What is required = Reproduce, exactly and in full, the lines from the one with "Pink Cotton Pattern Shirt" through the one with "Viseras de ventana" in the data below; drop pictures.

Input for this task =
☆ ☆ ☆ ☆

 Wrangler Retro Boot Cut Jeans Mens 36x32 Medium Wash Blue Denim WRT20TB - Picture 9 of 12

☆ ☆ ☆ ☆

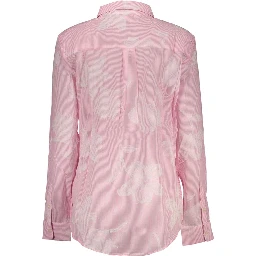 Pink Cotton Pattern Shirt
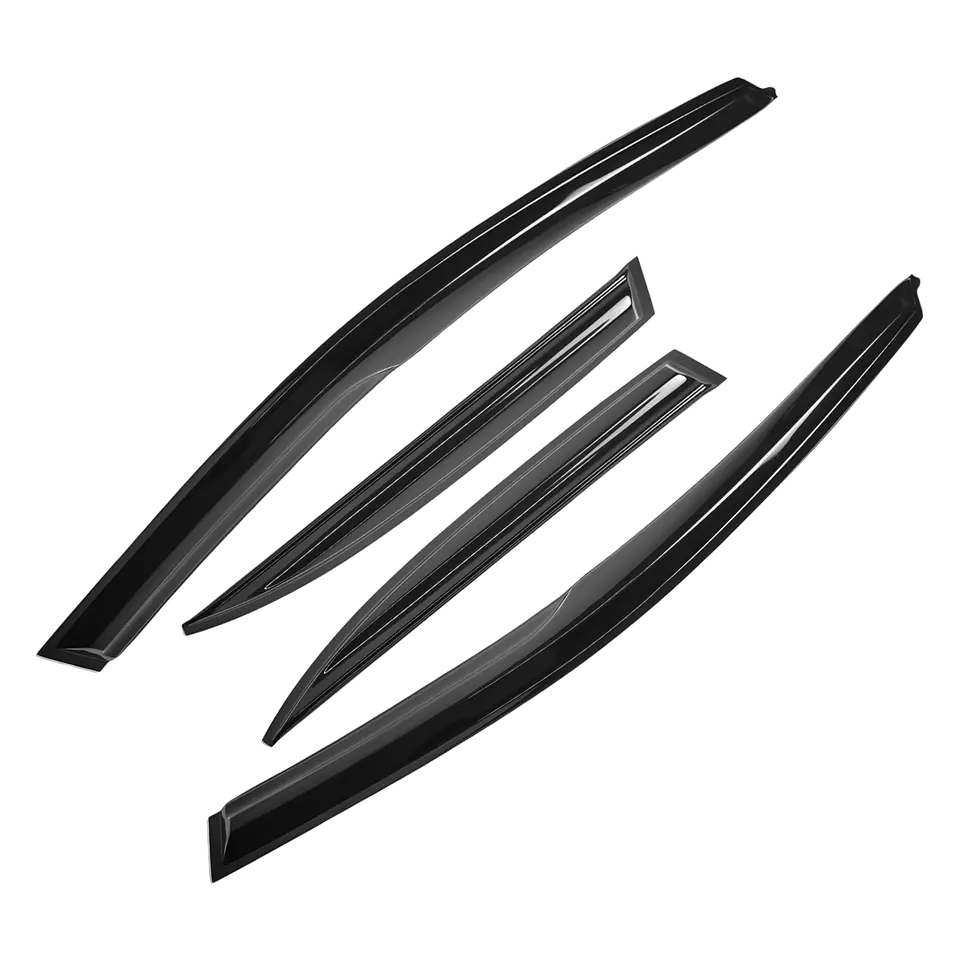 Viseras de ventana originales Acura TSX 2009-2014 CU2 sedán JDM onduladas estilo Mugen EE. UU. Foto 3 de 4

☆ ☆ ☆ ☆

Result of this task =
 Pink Cotton Pattern Shirt
 Viseras de ventana originales Acura TSX 2009-2014 CU2 sedán JDM onduladas estilo Mugen EE. UU. Foto 3 de 4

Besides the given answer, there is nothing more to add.